Pakistan calls back its High Commissioner in India for consultations over incidents of 'harassment'
Pakistan on Thursday said it has decided to call back its High Commissioner in India Sohail Mahmood for consultations after repeated incidents of 'harassment' of its diplomatic staff in New Delhi.

Islamabad: Pakistan on Thursday said it has decided to call back its High Commissioner in India Sohail Mahmood for consultations after repeated incidents of "harassment" of its diplomatic staff in New Delhi.
Foreign Office spokesman Muhammad Faisal said that the Indian government failed to take notice of the increasing incidents of intimidation of Pakistani diplomats, their families and staffers by its intelligence agencies.

File image of Pakistan envoy to India Sohail Mahmood.
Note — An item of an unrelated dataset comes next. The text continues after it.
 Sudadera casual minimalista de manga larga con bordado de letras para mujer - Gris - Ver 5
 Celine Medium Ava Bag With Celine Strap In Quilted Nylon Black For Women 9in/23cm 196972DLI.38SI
YouTube screengrab
"Our High Commissioner in New Delhi has been asked to come to Islamabad for consultations," he said.
On Tuesday, the Foreign Office had summoned India's Deputy High Commissioner JP Singh over the alleged harassment of its officials and their families in New Delhi.
The Pakistan Foreign Ministry claimed that the staff and their families have been facing "harassment, intimidation and outright violence" from Indian state agencies in recent weeks. Faisal on Thursday alleged that this deliberate continuing bullying was not confined to a single isolated event and "continues unabated despite repeated official protests lodged with the Indian High Commission here, and also with the Indian Ministry of External Affairs at the highest (level)."
He said the Pakistan High Commission shared with the External Affairs Ministry photographs identifying the individuals, who forcibly halted and took pictures of the officers but regrettably no positive action was taken by the Indian side so far.
"The total apathy and failure of the Indian government to put a halt to these despicable incidents, sparing not even young children, indicates both a lack of capacity to protect foreign diplomats posted in India or a more reprehensible, complicit unwillingness to do so," he said.
He said that under the Vienna Convention, the safety and the security of Pakistani diplomats and their families is the responsibility of the Indian government.
He claimed that in the latest incident, Indian officials stopped the car of the deputy high commissioner for 40 minutes and harassed the occupants of the vehicle.
"Pakistan will go to any limit to ensure the safety of the staff of (its) high commission in India," he said.
He said India should not drag Pakistan in its electoral politics. Faisal said that Pakistan wants peace in the region and was against an arms race.